# Saros vs spheros



## fishstickman (Jan 7, 2008)

Guys,
I have several shimano reels and one quantum and I'm looking to add another spinning reel. I have two stradic 4000s, a spheros 4000 and a saros 2500. 

I'd like to add either another spheros or saros in a 3000 or 4000 size. I love them both...

This will be used primarily for inshore saltwater fishing with occasional freshwater duty. 

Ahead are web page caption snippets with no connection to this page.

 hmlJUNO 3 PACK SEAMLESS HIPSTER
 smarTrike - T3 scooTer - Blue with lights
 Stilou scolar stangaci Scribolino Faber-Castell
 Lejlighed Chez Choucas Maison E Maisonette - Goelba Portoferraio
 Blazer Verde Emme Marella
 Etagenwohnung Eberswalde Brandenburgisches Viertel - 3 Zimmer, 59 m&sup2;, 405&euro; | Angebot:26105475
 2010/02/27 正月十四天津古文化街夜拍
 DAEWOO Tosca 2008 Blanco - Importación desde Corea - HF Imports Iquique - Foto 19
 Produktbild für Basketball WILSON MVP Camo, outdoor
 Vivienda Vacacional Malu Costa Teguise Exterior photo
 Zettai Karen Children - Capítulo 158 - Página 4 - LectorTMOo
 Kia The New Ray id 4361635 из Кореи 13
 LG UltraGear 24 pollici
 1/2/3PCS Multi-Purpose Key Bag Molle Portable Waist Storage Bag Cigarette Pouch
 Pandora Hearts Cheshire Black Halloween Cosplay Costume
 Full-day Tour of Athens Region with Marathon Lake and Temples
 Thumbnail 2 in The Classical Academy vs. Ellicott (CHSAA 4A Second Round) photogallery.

Does anyone have a recommendation for one vs the other?

Thanks,
FishStickMan


----------



## Bantam1 (Jun 26, 2007)

Either the Saros or Spheros will work. The Saros does come with an extra spool if that is something you will need.


----------



## fishstickman (Jan 7, 2008)

Is there a particular difference between the two or are they generally comparable?

Thanks,
FishStickMan


----------



## Bantam1 (Jun 26, 2007)

The Symetre does not have the stonger Paladin gearing or the thread in "Direct Drive" handle.


----------



## artofficial (Oct 3, 2005)

I love my saros. Have landed 40" bull reds with it before off the yak.


----------



## SaltwaterAg (Oct 7, 2004)

My vote would be the Saros 3000. Great reel and nice that it comes with the extra spool.


----------



## hog (May 17, 2006)

I have a spheros 4000, 12000 and 14000.

I do not care for their white fiber drag washers tho...

And I do wish shimanno would smarten up and put a better handle on them or at least offer a upgrade availability handle the same as they do buying extra spools..

when ever they were bought, I immediately ordered some carbon tx drag washers and cals grease from http://www.smoothdrag.com/ depending on use/stress Ive put them thru, I will re grease once a year or sooner as needed..

Other than that, for the money, these are great reels IMO.

I've never used the other one mentioned. Im sure its a good'n too..

Hog


----------